The Liver dataset also known as Indian Liver Patient dataset [34] contains both numerical and nominal data. The methods such as discretization, resampling and principal component are used as pre-processing methods and traditional algorithms were applied which then again used with ensemble methods to improve the performance. From the results, we found that Bagging and Boosting improves the performance in the case of Decision Tree and behaves almost same in case of Boosting with SVM and KNN. On the other hand, there is some marginal improvement seen in case of Naïve Bayes and Random Forest with Boosting but no significant improvement found in case of Bagging. The related experimental observations are given Table 13 and Table 14.

Table 13 Predictive analysis of ILPD dataset with traditional algorithms
Table 14 Predictive analysis of ILPD dataset with bagging and boosting

The table analysis is shown as the graphical representation in Fig. 8, where analysis of tradition algorithms is presented with algorithm analysis with Bagging and the algorithms analyzed with the Boosting methods are presented. From this it is concluded that the proposed model predicts better results in comparison to the previous models [32, 51, 52].

Fig. 8
figure 8

ILPD analysis a traditional Algorithms, b Algorithms with Bagging, c Algorithms with boosting

The experiments performed on six disease datasets proves that our new predictive model obtained significant improvement in almost every case as compared with other existing methodologies [13, 41, 42].

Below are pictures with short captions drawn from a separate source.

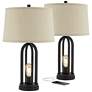 Watch A Video About the Marcel Black Finish Burlap Linen Shade LED USB Table Lamps Set of 2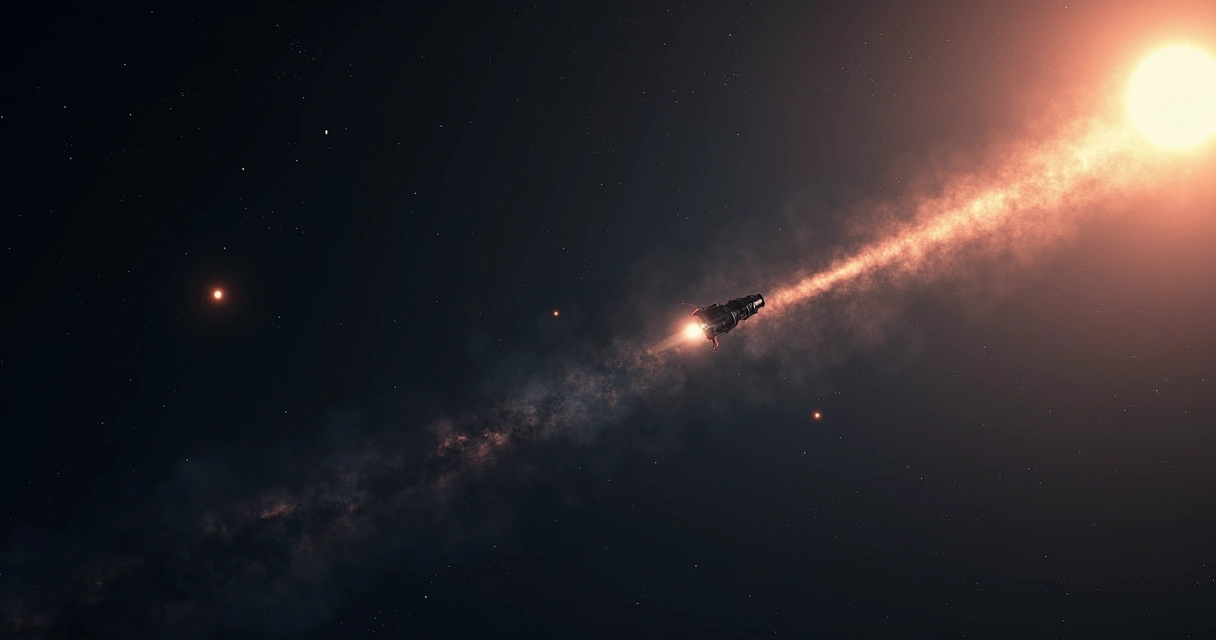 Representação artística de sonda interestelar viajando pelo espaço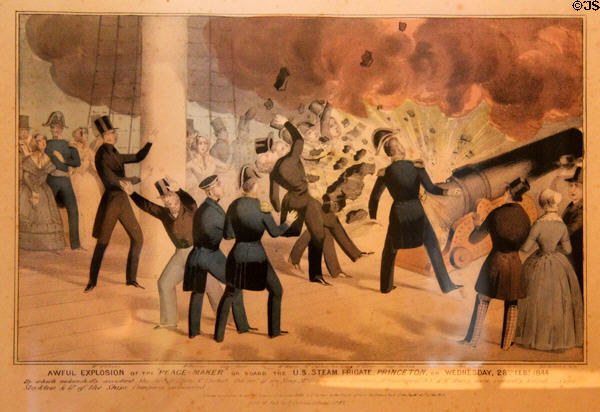 Colored lithograph of explosion of gun 'Peace-Maker' on demonstration cruise of US Steam Frigate Princeton on Potomac River (Feb. 28, 1844) which killed Captain Beverley Kennon, husband of 2nd owner of Tudor Place. Washington, DC.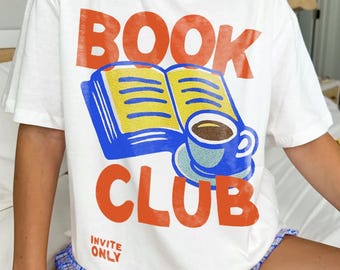 Koszulka Book Club | Koszulka Comfort Colors Reading Koszulka Bookworm Koszulka Bookstagram Koszulka Book Lover Gift Koszulki z książkami dla kobiet Prezenty dla nauczycieli Bookish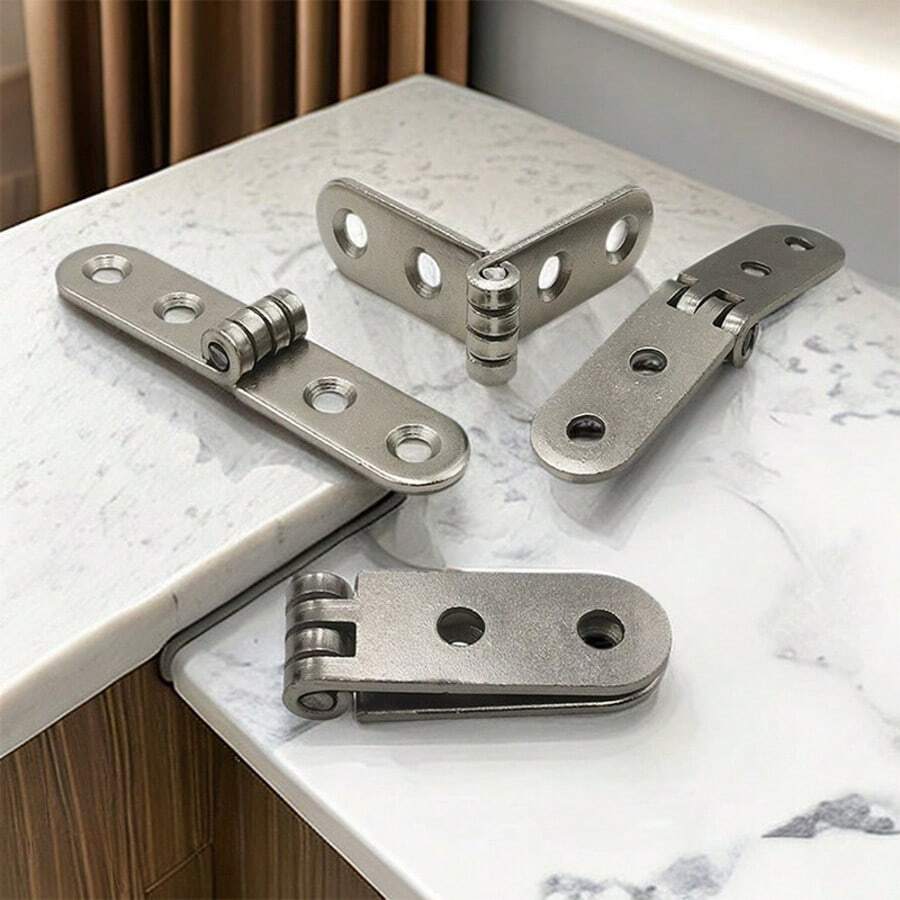 10pcs Folding Table Hinges, Cabinet Door Iron Hinges, Includes Installation Screws, Modern Minimalist Style, 180 Degree Flip Hinge, Hardware Accessories
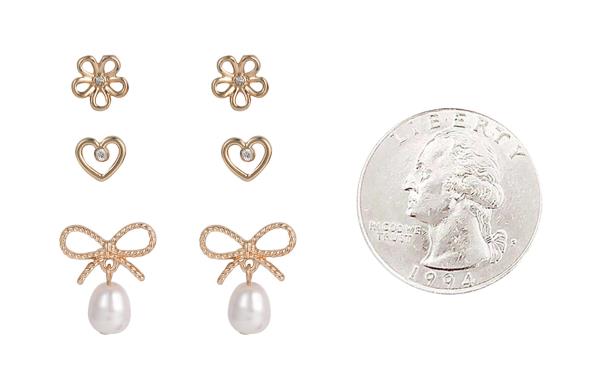 BOW FLOWER PEARL BEAD ASSORTED EARRING SET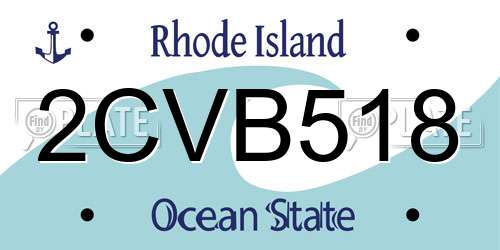 2CVB518 Rhode Island License Plate
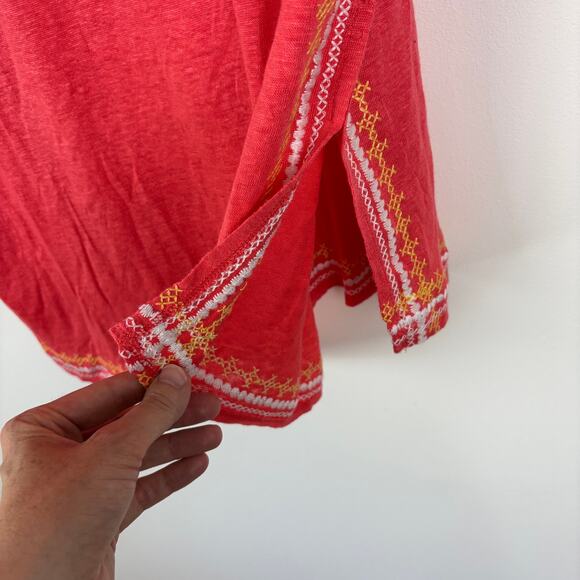 J. Jill Love Linen XL Petite Embroidered tunic top Red-Orange coastal beach - Picture 5 of 7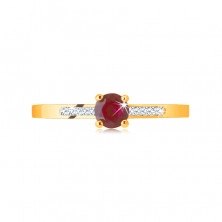 Ring made of 9K yellow gold – radiant round ruby in a mount, zircon strips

5 Conclusion and future work

In this paper, we developed a new predictive model for the disease datasets to improve their performance measures for various traditional classification algorithms with ensemble methods where different pre-processing methods use to handle the numerical as well as nominal data. The performance of classical algorithms with boosting found better where in some cases bagging performed significantly well and in few cases both performed marginally well as compared to the traditional algorithms. And for some cases, they performed almost same and for very few cases only there was no significant changes. Overall, the new predictive model obtains better results as compared to the existing methods. The future work can be compiled by adding new algorithms and using this other different kind of datasets can be further improved.